To further evaluate the SARs, compound 8l was chosen as a representative compound and docked into the binding site of VEGFR-2 in comparison with Sorafenib and Axitinib. As displayed in Fig. 5 and 6, compound 8l almost totally overlapped with Sorafenib and Axitinib, and showed a good binding mode with VEGFR-2. On the moiety of the pyridine core, there were two important hydrogen bonds formed with Cys919. The N1-nitrogen of the pyridine core was hydrogen bonded to the backbone NH of hinge residue Cys919, and the NH group of picolinamide was hydrogen bonded to the backbone carbonyl of hinge residue Cys919. Furthermore, the pyridine core had some hydrophobic interactions and van der Waals contacts with Leu840, Leu1035, Ala866 and Glu917. The central aryl moiety is located in the linker region and in contact with Ala866, Cys1045, Lys868, Val848, Val916 and Phe1047. The terminal pyridine ring that connected the central aryl moiety via ethenyl penetrated into the hydrophobic pocket created by the hinge residues Asp1046, Glu885, Leu889, Leu1019 and Val914.

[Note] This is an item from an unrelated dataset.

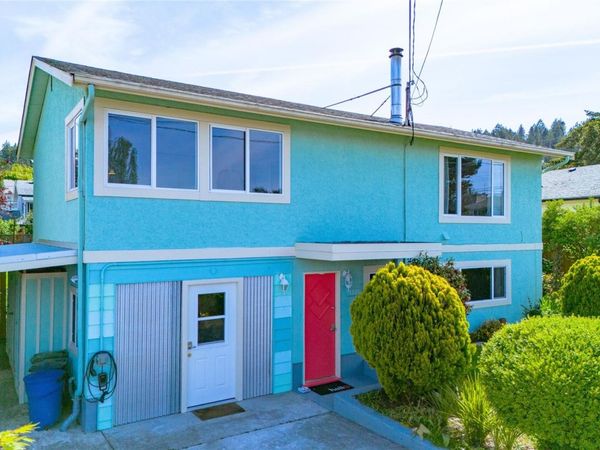 1584 Freda St, Crofton, BC V0R 1R0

Fig. 5. Comparison of the binding site between 8l (magenta), Sorafenib (yellow) and Axitinib (blue).

Fig. 6. Docking simulations for 8l in the active site of VEGFR-2.

Conclusions

In summary, a novel series of picolinamide-based derivatives were designed and synthesized as potential VEGFR-2 inhibitors, and their structures were characterized by ¹H NMR, ¹³C NMR, HRMS and single crystal X-ray diffraction. The antiproliferative activities were evaluated against A549 and HepG2 cell lines with Sorafenib (IC₅₀ = 19.3 μM and 29.0 μM) and Axitinib (IC₅₀ = 22.4 μM and 38.7 μM) as references. Of these derivatives, 8j (IC₅₀ = 12.5 μM and 20.6 μM) and 8l (IC₅₀ = 13.2 μM and 18.2 μM) emerged as the most active members against both cell lines. Also, 8d and 8k displayed good inhibitory activities against A549 with IC₅₀ = 16.2 μM and 15.6 μM, and 8a and 8u exhibited effective inhibitory activities against HepG2 with IC₅₀ = 21.6 μM and 22.4 μM. The inhibitory activities of the most active compounds 8a, 8j, 8l and 8u against VEGFR-2 were further evaluated. Compound 8l was found to be the most active compound against VEGFR-2 with an IC₅₀ value of 0.29 μM. Molecular docking was performed to investigate the binding capacity and binding mode with VEGFR-2. The docking results indicated that 8j (ΔG = –10.28 kcal mol^–1, K_i = 0.029 μM) and 8l (ΔG = –10.52 kcal mol^–1, K_i = 0.019 μM) exhibited better binding capacities, corresponding to their antiproliferative activities. The representative compound 8l showed a good binding mode with VEGFR-2. The N1-nitrogen of pyridine and the NH group of picolinamide formed two essential hydrogen bonds with Cys919. The central aryl moiety and the terminal pyridine ring were involved in hydrophobic interactions with residues. In conclusion, these compounds have strong potential to be further developed as novel VEGFR-2 inhibitors. Further structural optimization of the most active candidates may lead to the discovery of better inhibitors, and the studies are currently in progress.

Conflicts of interest

All the authors declare that there is no conflict of interest.